Pfizer and BioNTech to submit request for emergency use approval of their COVID-19 vaccine today

Darrell Etherington
·2-min read
NEW YORK, USA - NOVEMBER 19: A syringe is seen by the logo of Pfizer's headquarter in Manhattan, New York City, United States on November 19, 2020. According the pharmaceutical giant Pfizer on Wednesday that new Pfizer results for COVID-19 vaccine is safe and 95% effective. (Photo by Tayfun Coskun/Anadolu Agency via Getty Images)
NEW YORK, USA - NOVEMBER 19: A syringe is seen by the logo of Pfizer's headquarter in Manhattan, New York City, United States on November 19, 2020. According the pharmaceutical giant Pfizer on Wednesday that new Pfizer results for COVID-19 vaccine is safe and 95% effective. (Photo by Tayfun Coskun/Anadolu Agency via Getty Images)

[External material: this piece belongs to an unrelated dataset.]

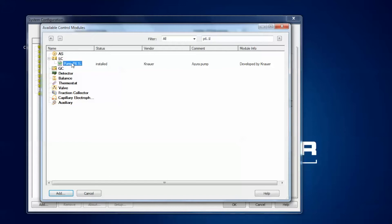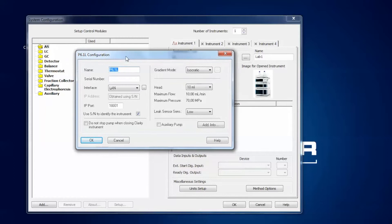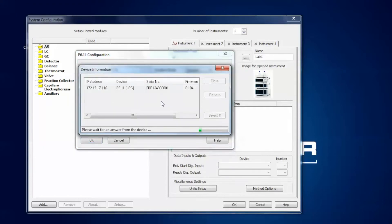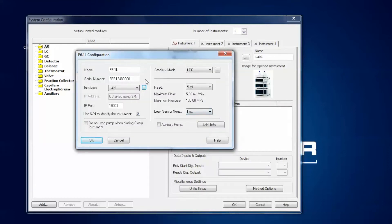Select the device and press the add button and the configuration window pops up. The easiest way to configure your instrument is to use the LAN option and then press the three-dotted button here. The software is now browsing the network and searching for available devices. Once finished, you can click on the P6.1L entry. It gives you the IP address, the serial number, and then you just press select and nearly every setting is automatically transferred.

Two of the companies behind one of the leading COVID-19 vaccine candidates will seek approval from the U.S. Food and Drug Administration for emergency use authorization (EUA) of their preventative treatment with an application to be delivered today [Update: Pfizer confirmed the application was submitted as promised later Friday afternoon]. Pfizer and BioNTech, which revealed earlier this week that their vaccine was 95% effective based on Phase 3 clinical trial data, are submitting for the emergency authorization in the U.S., as well as in Australia, Canada, Europe, Japan and the U.K., and say that could pave the way for use of the vaccine to begin in "high-risk populations" by the end of next month.

The FDA's EUA program allows therapeutics companies to seek early approval when mitigating circumstances are met, as is the case with the current pandemic. EUA's still require that supporting information and safety data are provided, but they are fast-tracked relative to the full, formal and more permanent approval process typically used for new drugs and treatments that come before they're able to actually be administered broadly.

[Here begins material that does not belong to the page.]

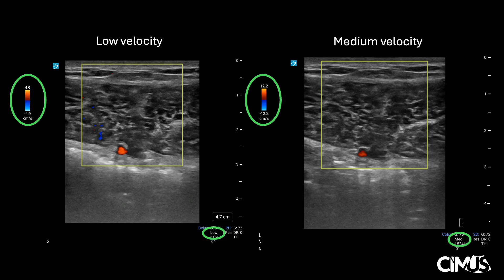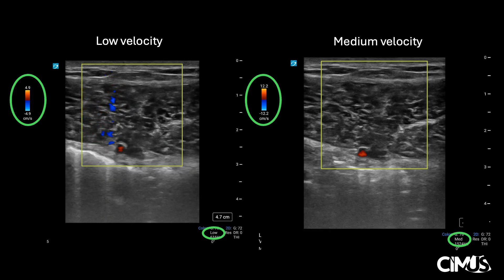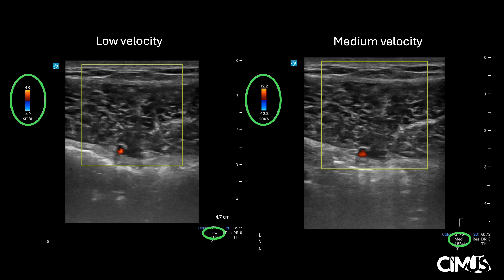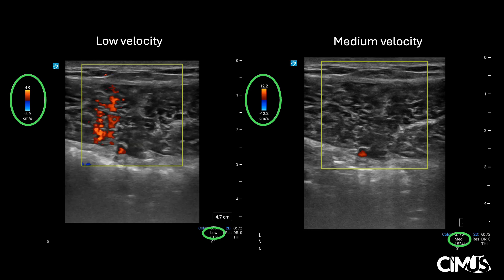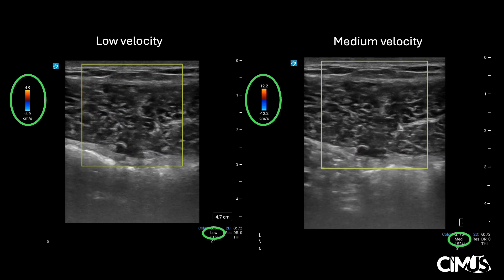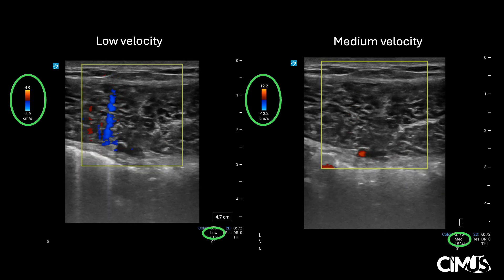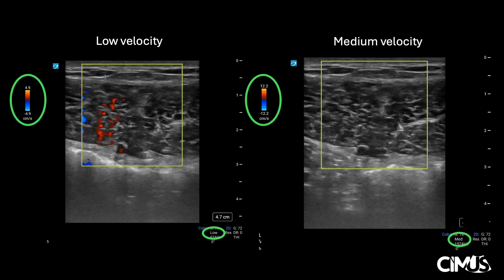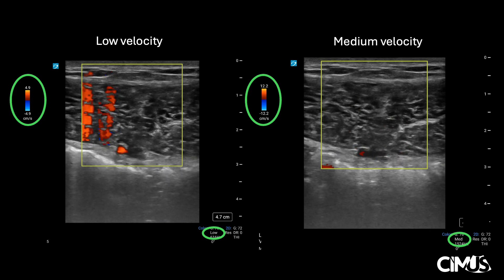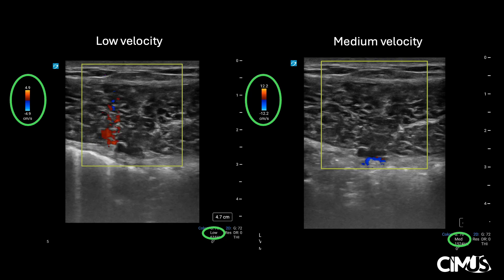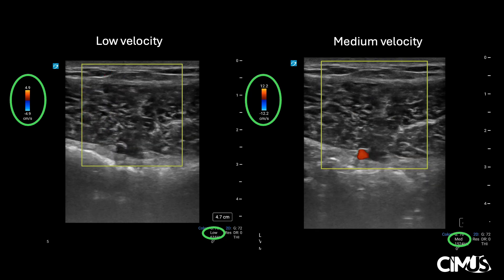Here on the left, the scale is on low-flow settings — we can see both arterial and venous flow. However, there is more flash artifact, which can potentially obscure other vessels. On the right, the scale is now set on medium-flow setting. As you can see, venous flow is now missed, but there is no flash artifact seen. For the purposes of assessing for vessels pre-procedure, the flow should be set as low as possible to avoid missing low-flow vessels.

Pfizer and BioNTech's vaccine candidate is an mRNA-based vaccine that essentially provides a recipient's body with instructions on how to produce specific proteins to block the ability of SARS-CoV-19 (the virus that causes COVID-19) to attach to cells. The vaccine has recently been undergoing a Phase 3 clinical trial, that has included 43,661 participants so far. The companies are submitting supporting information they hope will convince the FDA to grant the EUA, including data from 170 confirmed cases from among the participants, and safety information actively solicited from 8,000 participants, and supplementary data from another 38,000 that was passively collected.

While production is ramping globally for this and other vaccines in late-stage development, and EUA will potentially open up access to high-risk individuals, including frontline healthcare workers, it's worth pointing out that any wide vaccination programs likely aren't set to begin until next year, and likely later in 2021.